(DIRECTIONS) Print exactly the lines below between the line containing "高2男子です。 - 最近腕が細いのがコンプレックスになってしまい" and the line containing "Men's Hair Removal", counting both of those lines. Leave pictures out.

+++ SUPPLIED DATA +++

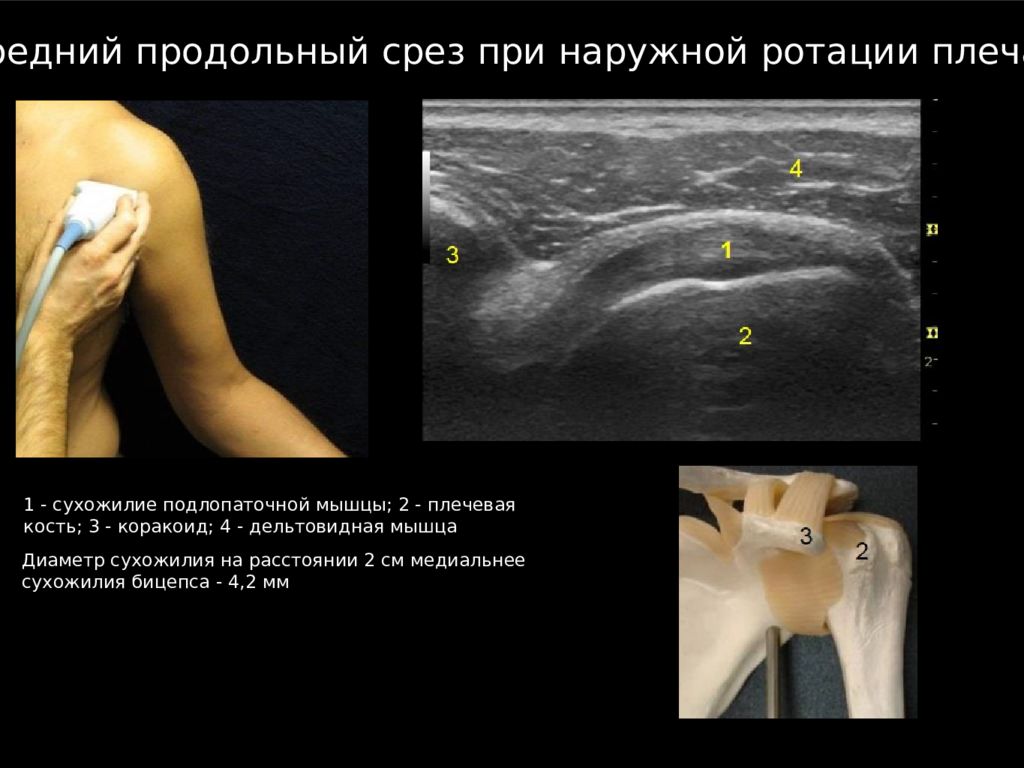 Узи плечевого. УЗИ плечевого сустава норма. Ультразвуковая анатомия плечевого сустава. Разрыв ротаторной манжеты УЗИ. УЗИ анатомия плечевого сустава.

+++
+++ SUPPLIED DATA +++

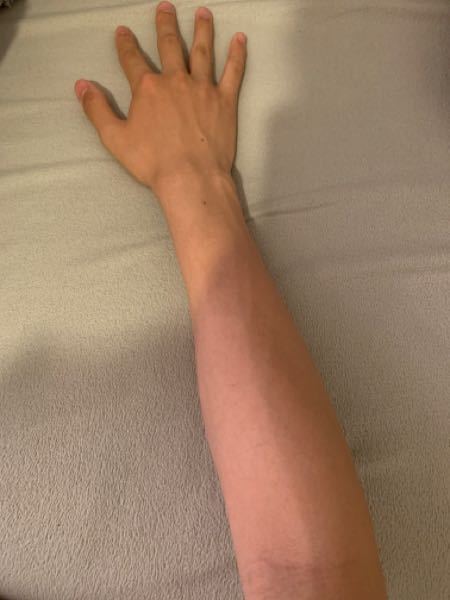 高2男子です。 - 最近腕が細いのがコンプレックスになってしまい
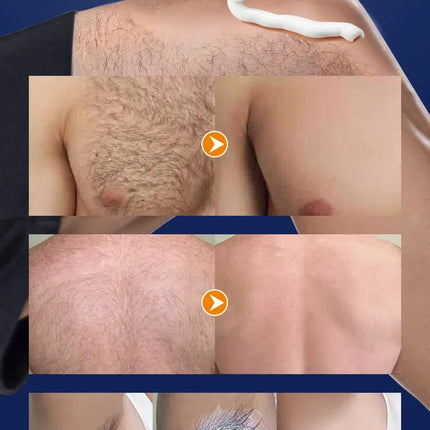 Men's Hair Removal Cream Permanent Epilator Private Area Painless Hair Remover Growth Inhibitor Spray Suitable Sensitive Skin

+++

(RESPONSE)
 高2男子です。 - 最近腕が細いのがコンプレックスになってしまい
 Men's Hair Removal Cream Permanent Epilator Private Area Painless Hair Remover Growth Inhibitor Spray Suitable Sensitive Skin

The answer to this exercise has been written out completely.